- [What you should do] Please make an exact copy of the listing, without the pictures.

- [Recorded information]
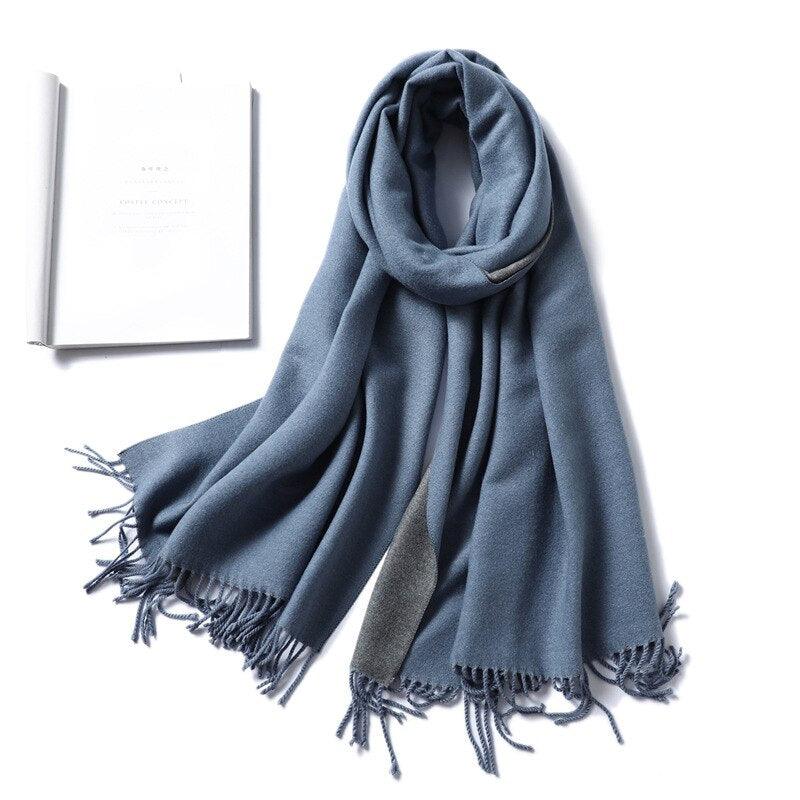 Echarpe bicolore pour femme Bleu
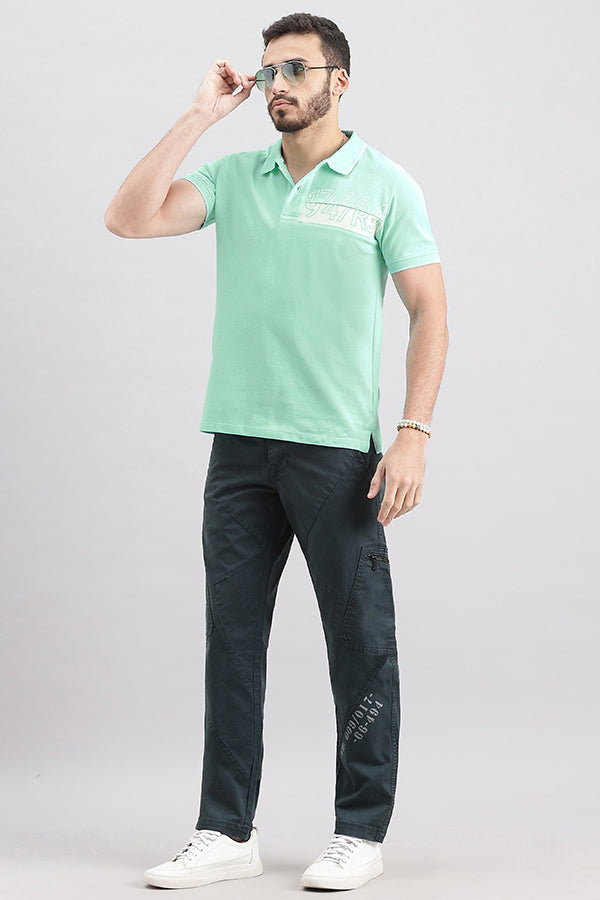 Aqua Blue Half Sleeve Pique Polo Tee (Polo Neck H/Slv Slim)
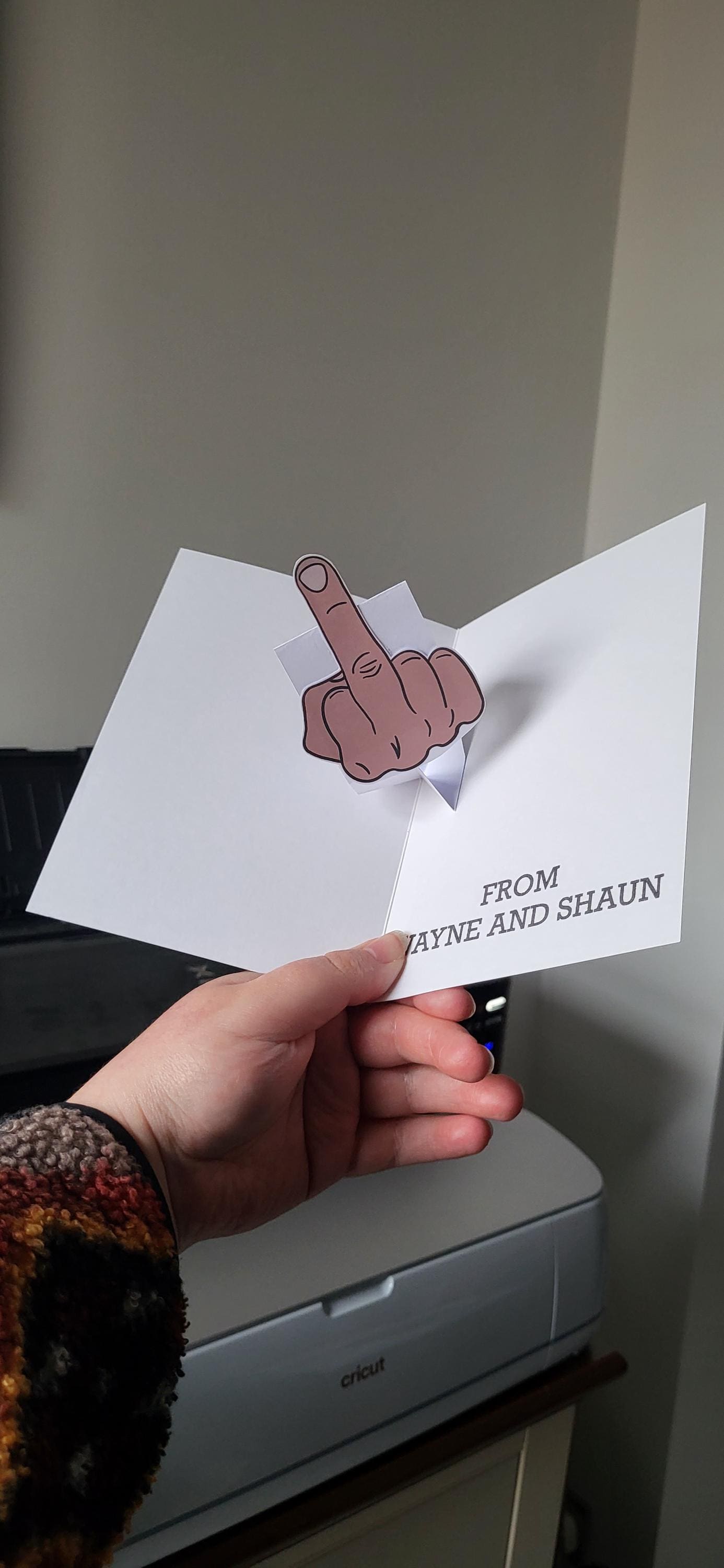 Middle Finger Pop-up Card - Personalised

- [Solution]
 Echarpe bicolore pour femme Bleu
 Aqua Blue Half Sleeve Pique Polo Tee (Polo Neck H/Slv Slim)
 Middle Finger Pop-up Card - Personalised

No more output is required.